REPUBLIKA.CO.ID, JAKARTA — Keutamaan umroh saat bulan puasa Ramadhan menjadi hal yang diketahui hampir semua umat Muslim di seluruh dunia. Salah satu keutamaan yang membuat ibadah ini sangat dinantikan adalah karena Nabi Muhammad SAW mengatakan bahwa pahala orang-orang yang melaksanakannya dapat menyamai orang yang menjalankan ibadah haji.
Pendiri Rumah Fiqih Indonesia, Ustadz Ahmad Sarwat, menjelaskan sabda Rasulullah SAW yang tertuang dalam hadits shahih muttafaqun 'alahi:
“Bila datang Ramadhan, maka lakukanlah umroh. Karena umroh ketika Ramadhan itu (pahalanya) menyamai haji.” (HR Bukhari no. 1782 dan Muslim no. 1256).
Bahkan, umroh pada Ramadhan sangat istimewa karena senilai dengan haji bersama Nabi Muhammad SAW seperti yang dituangkan dalam lafal Bukhari lainnya yaitu : Sesungguhnya umrah ketika Ramadhan seperti berhaji bersamaku” (HR Bukhari no 1863).
Meski demikian, ustadz Ahmad mengatakan ada beberapa hal yang harus diperhatikan terkait umroh Ramadhan dan haji. Di antaranya adalah umroh saat Ramadhan tetap bukanlah haji.
Dia meningatkan untuk jangan keliru menggantikan kedudukan ibadah ini dengan haji. “Itu tidak benar dan perlu diluruskan, yang setara itu hanya pahalanya, sedangkan kedudukannya tetap sekadar umroh. Kalau mau kita breakdown lagi, maka antara umroh Ramadhan dan Haji itu punya beberapa perbedaan,” ujar ustaz Ahmad kepada Republika.co.id pada Selasa (13/4).
Ustadz Ahmad menjelaskan perbedaan itu pertama adalah bahwa umroh saat Ramadhan bukan bagian dari rukun Islam, sedangkan haji adalah rukun Islam yang kelima.
Selanjutnya, dari segi hukum, umroh Ramadhan itu hukumnya tetap sunnah dan tidak wajib. Sedangkan ibadah haji hukumnya wajib untuk yang pertama kali sebagai Muslim.

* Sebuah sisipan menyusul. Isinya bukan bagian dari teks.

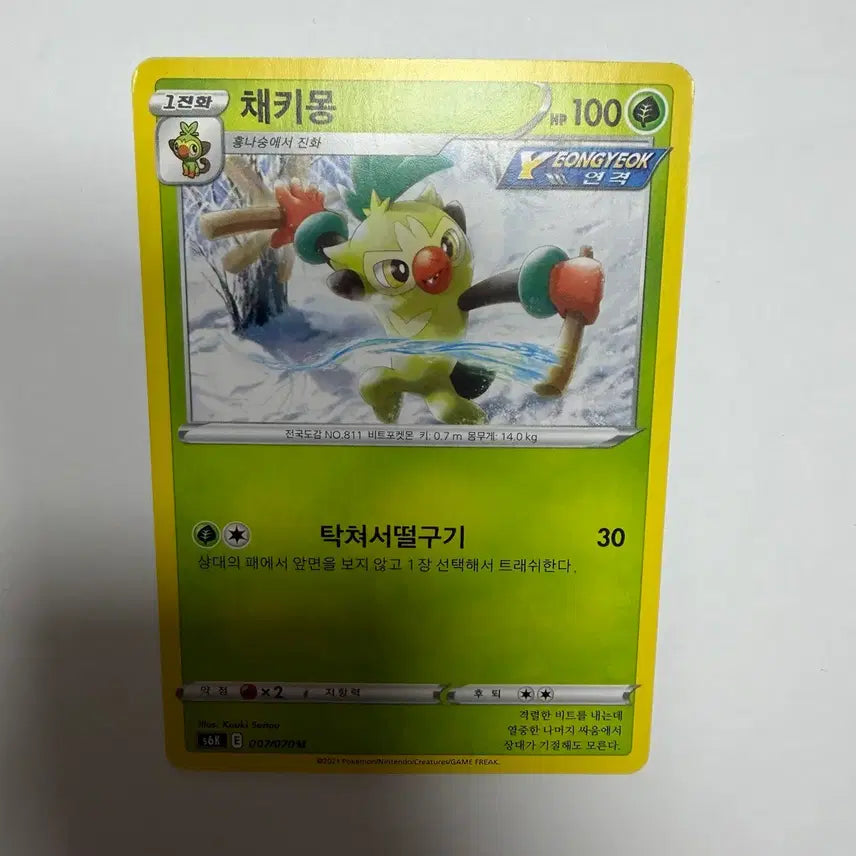 [BUNJANG] Chae Ki Mong Pokemon Card / 채키몽 포켓몬카드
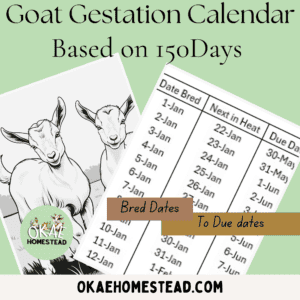 Goat gestation calendar 150 days mockup image with goat kid outline and Okae Homestead Logo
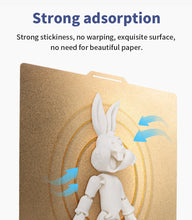 Double-Sided Magnetic PEI Build Plate – Spring Steel Sheet, Textured Surface, Multiple Sizes for Ender 3, CR10, P1P, and More | Printin3D.co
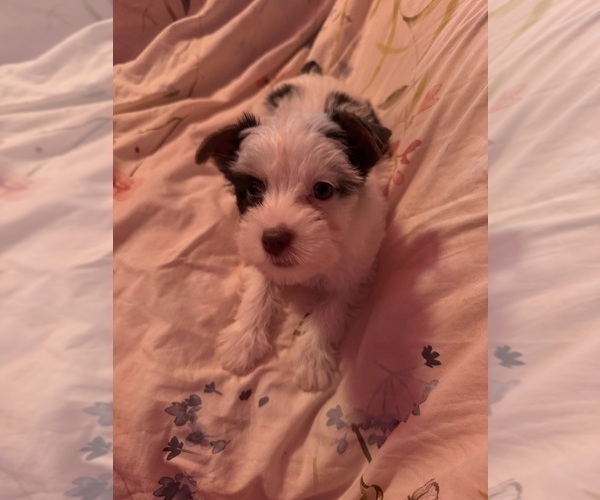 Medium Photo #9  Breeder Profile in BROOKHAVEN, MS, USA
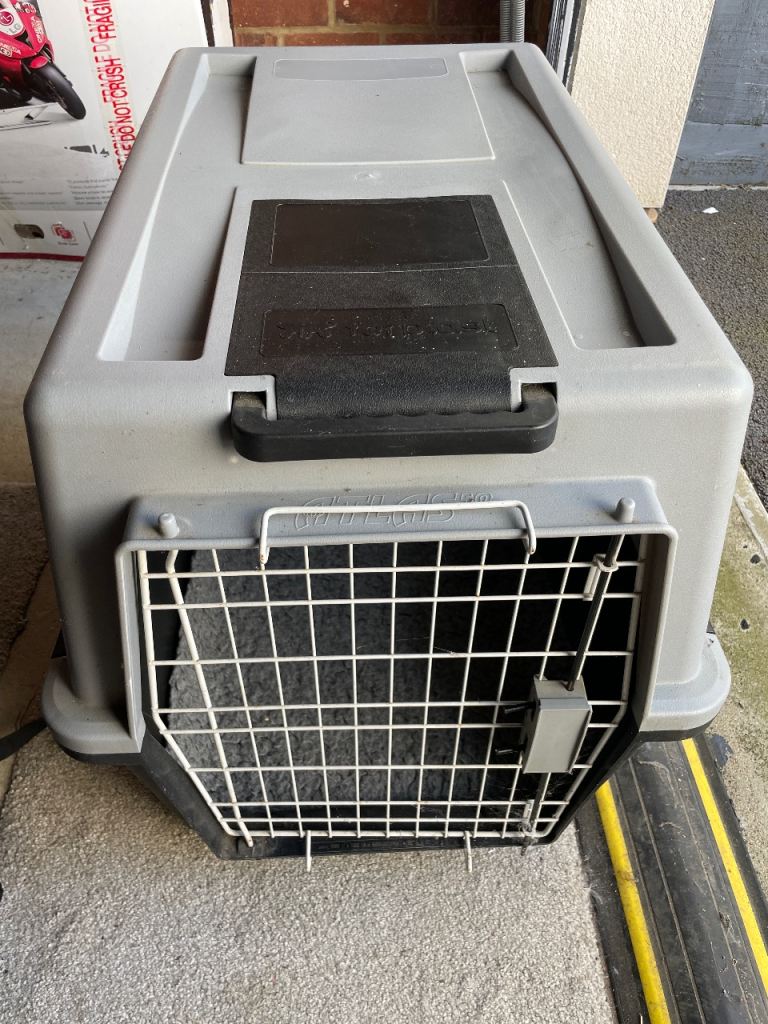 Large Pet Carrier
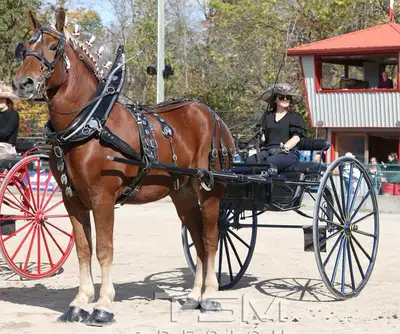 4 year old registered Belgian gelding for sale, View more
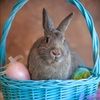 thumper41820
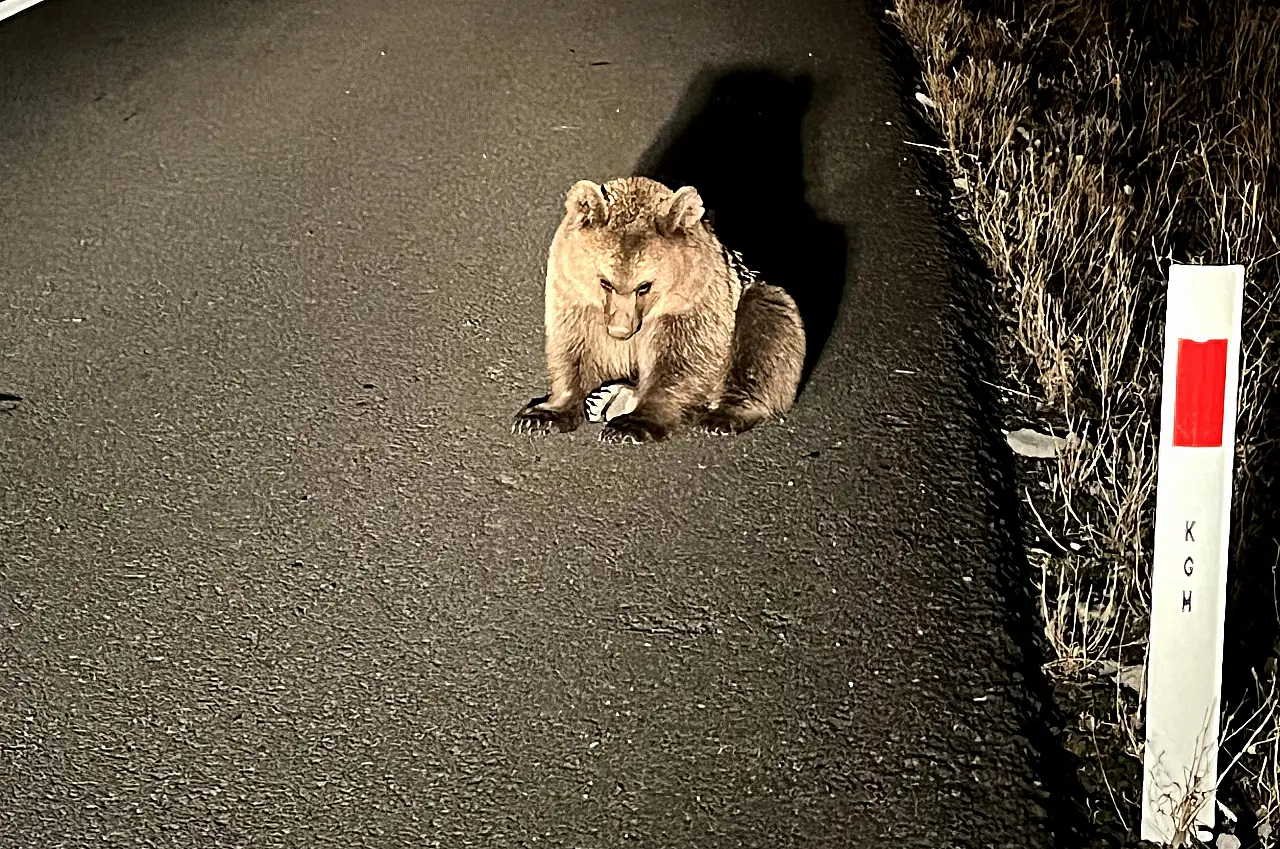 Bitkin halde bulunan bozayı yavrusu ekipleri harekete geçirdi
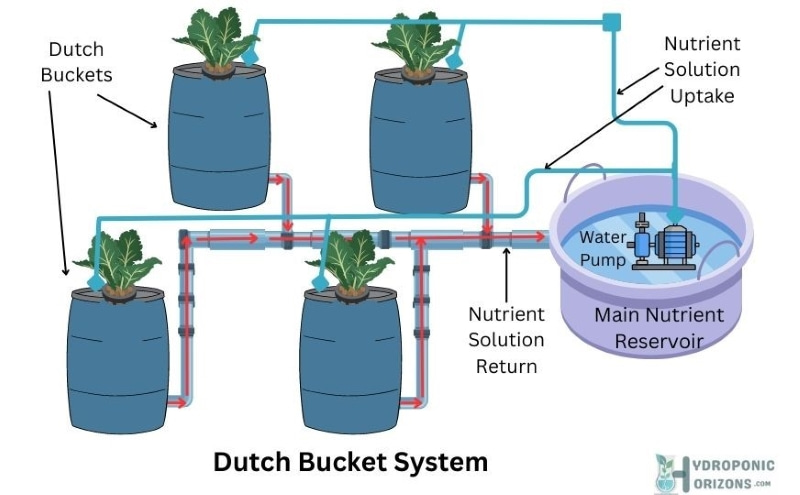 Dutch Bucket System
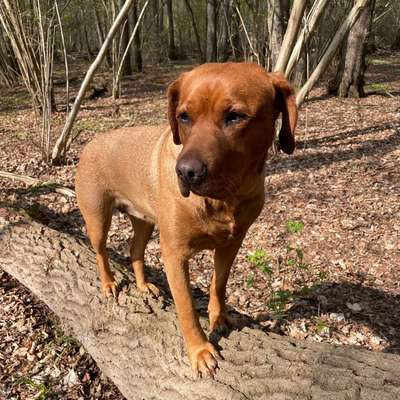 Hundetreffen-Freundliche und entspannte Labradorhündin-Bild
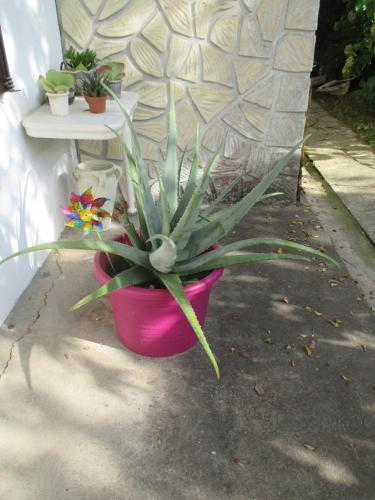 a plant in a pink pot next to a wall at Gîte Habas in Habas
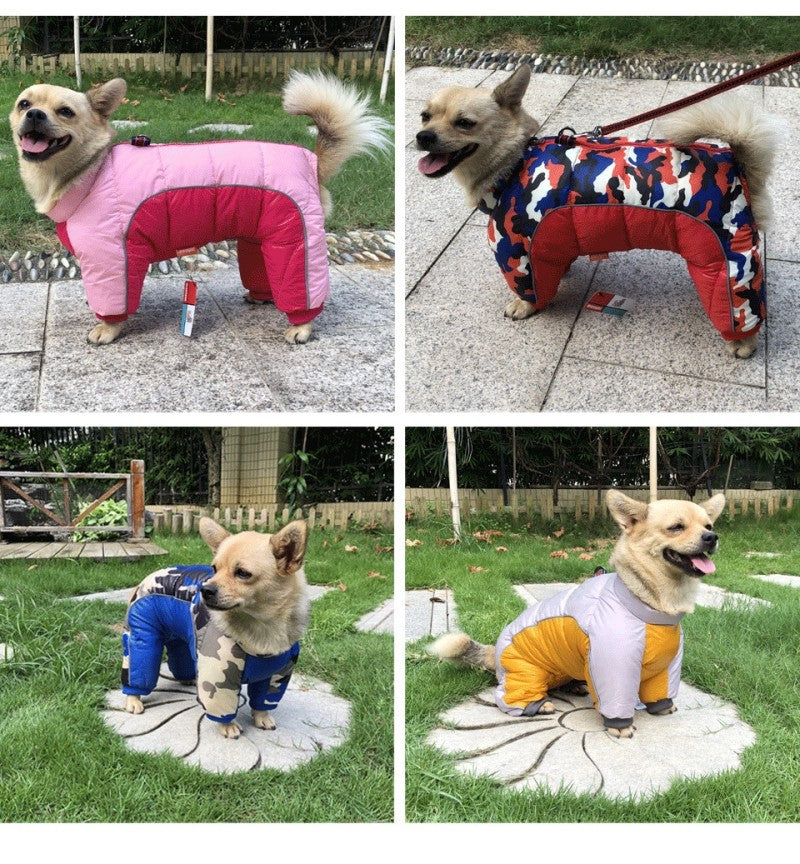 manteau pour chien hot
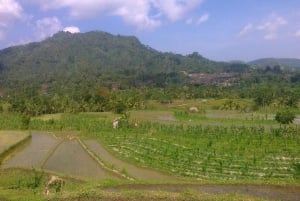 Sidemen Adventures: The Scenic Rice Fields and Village Life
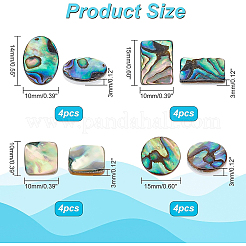 16Pcs 4 Style Natural Shell Cabochons&nbsp;SSHEL-BC0001-23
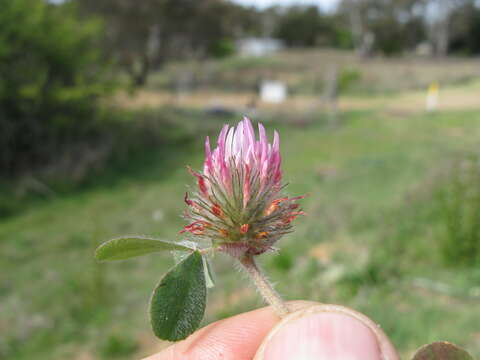 Image of rose clover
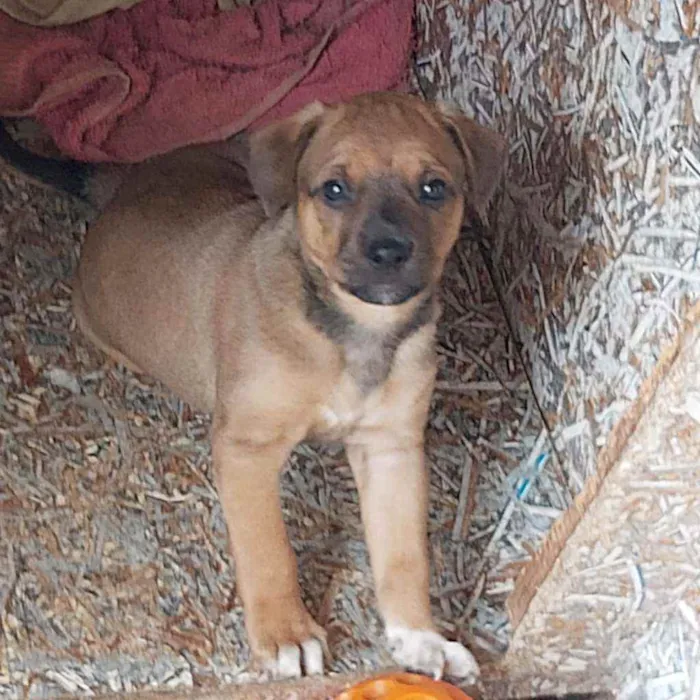 Cachorro ra a SRD idade 2 a 6 meses nome Sem nome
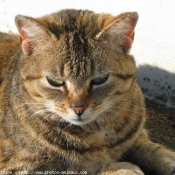 Photo de Chat domestique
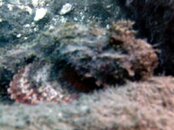 PICT0211.jpg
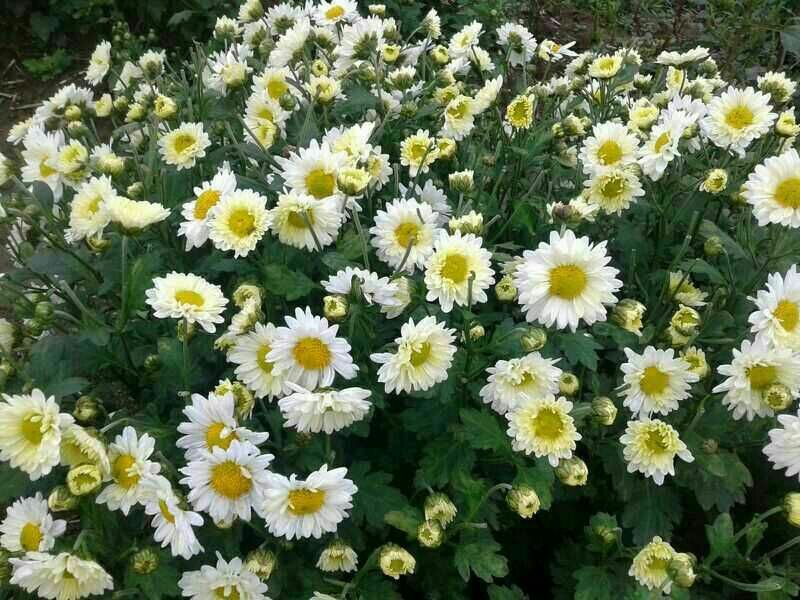 菊花苗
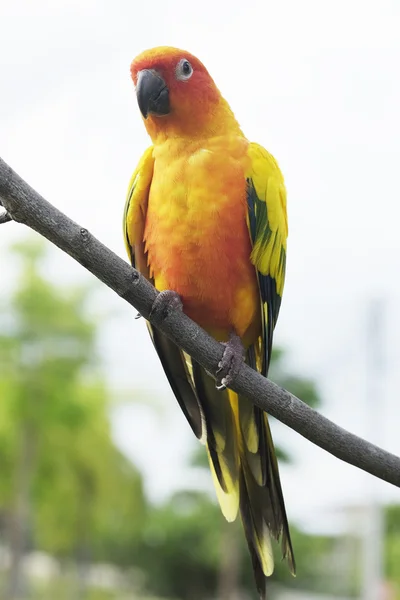 Чудесный попугай Sun Conure на ветке — стоковое фото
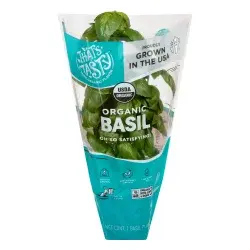 Living Organic Basil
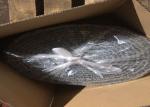 Galvanized 4 Inch SAE1008 SAE1006 Annealed Bar Tie Wire
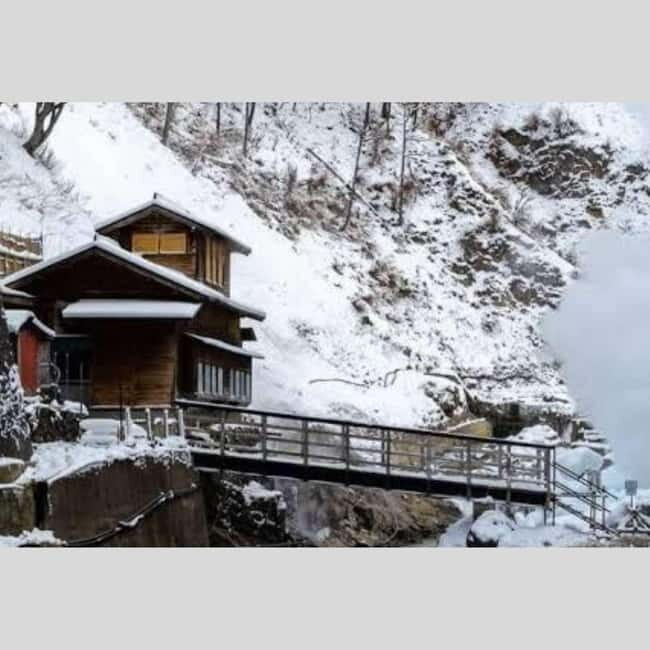 From Tokyo: Snow Monkey Park and Miso Production Day Tour - Key highlights I’d circle for you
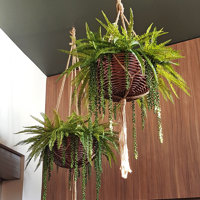 Hanging-Baskets- cool green looks without losing floor-space... poplet image 2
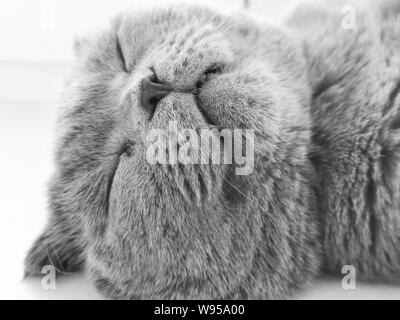 A sleepy blue russian, scottish fold cat Stock Photo
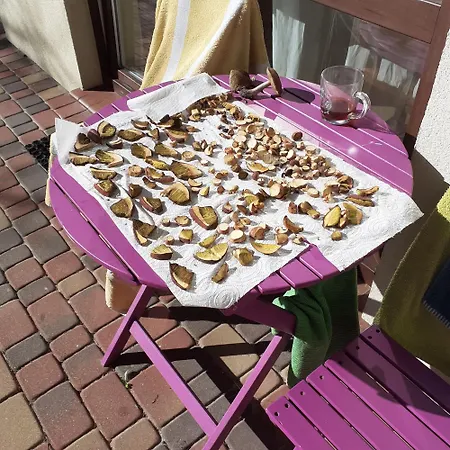 Zagajnik 3* デンプキ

“Ketiga orang yang sudah umroh pada Ramadhan, belum gugur kewajiban hajinya. Apabila dia mampu, maka di pundaknya masih ada beban kewajiban mengerjakan ibadah haji,” jelas ustaz Ahmad.
Lebih lanjut, ustadz Ahmad menggarisbawahi tentang umroh pada Ramadhan yang cenderung padat dengan jamaah, bahkan membuat orang-orang melakukan ibadah dengan berdesakan, menyaingi musim haji. Bahkan, biaya yang dikeluarkan umat Muslim untuk menunaikan ibadah ini menjadi tinggi.
“Maka kalau kita mendambakan umroh yang tenang dan khusyu' dalam Masjid Al Haram Makkah, mungkin agak sulit. Tidak seperti yang banyak dibayangkan,” kata ustaz Ahmad menambahkan.
Ustadz Ahmad juga mengatakan bahwa hal ini juga bisa membuat banyak jamaah yang lupa dengan jam istirahat.
Dia mengatakan pengalaman banyak jamaah kesulitan untuk keluar masuk masjid. “Kalau sudah dalam masjid, sulit keluar. Sedangkan kalau sudah di luar, akan kesulitan masuk lagi ke dalam. Oleh karena itu jamaah jadi serba salah,” jelas ustadz Ahmad.
Ustadz Ahmad mengungkapkan sebagian temannya yang sejak awal ingin menginap di masjid sepanjang berad di tanah suci untuk i’tikaf. Mereka bahkan sudah mengatur untuk tidak menyewa penginapan secara khusus dengan kamar per orang, melainkan secara berkelompok yang nantinya hanya akan digunakan secara bergantian untuk sekian banyak jamaah.
“Masuk kamar hanya untuk sekadar mandi dan ganti baju, lalu segera pergi lagi masuk ke masjid, Hanya saja kadang lupa dengan jam istirahat, juga lupa mandi bersih-bersih, bahkan lupa juga dengan kondisi cuacara dan kesehatan,” ujar dia.
Akibatnya, menurut dia, iktikaf belum selesai, tapi sudah dalam keadaan lemah dan sakit. Apalagi mereka yang sudah uzur dan usia lanjut, tentu harus memperhatikan hal-hal semacam ini.